Corina Allen’s team at the Washington Geological Survey creates those particular maps for the state. “All these lines of evidence can help us to determine what happened in the past. And that can help us figure out where to draw the lines in the future,” says Allen, the chief hazards geologist.
Reading the trees’ internal barcodes also uncovered a surprise about their past: The quake and tsunami weren’t their biggest stressor over the past 400 years. The effects of heat, drought, wind, or cold snaps were more severe. In 1739, for example, the tree rings were even more narrow. The team suggests it may be the lasting trace of a drought. “It was actually a fairly widespread event throughout the Northwest,” says Dziak.
Such climate events are becoming more frequent. Black traveled back to the Oregon coast right after this summer’s “heat dome,” which “scorched” trees—overheating and overdrying them without literally charring them. “Having visited the coast for about 20 years and having lived there for 10,” he says, “that degree of scorch was unlike anything I’d ever seen before.”

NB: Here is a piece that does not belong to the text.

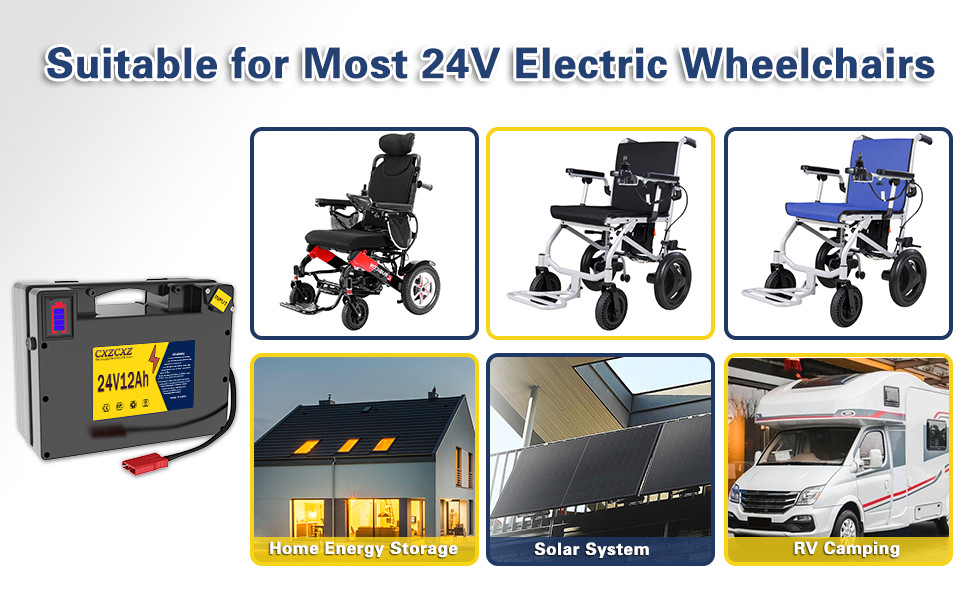 24V 12AH Lithium Battery for Electric Wheelchair,Better Than Lead-Acid Batteries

That climate events can traumatize—or kill—coastal trees that survived a quake and tsunami is important to acknowledge. “The potential for droughts and fires is going to be much more impactful for our forests than this tsunami was at Mike Miller,” Black says. Still, for people in coastal communities, a repeat of the Cascadia quake and tsunami would be the greatest natural disaster that the US has ever seen. And the trees, once again, may keep the record, etched in wood for future sleuths to find.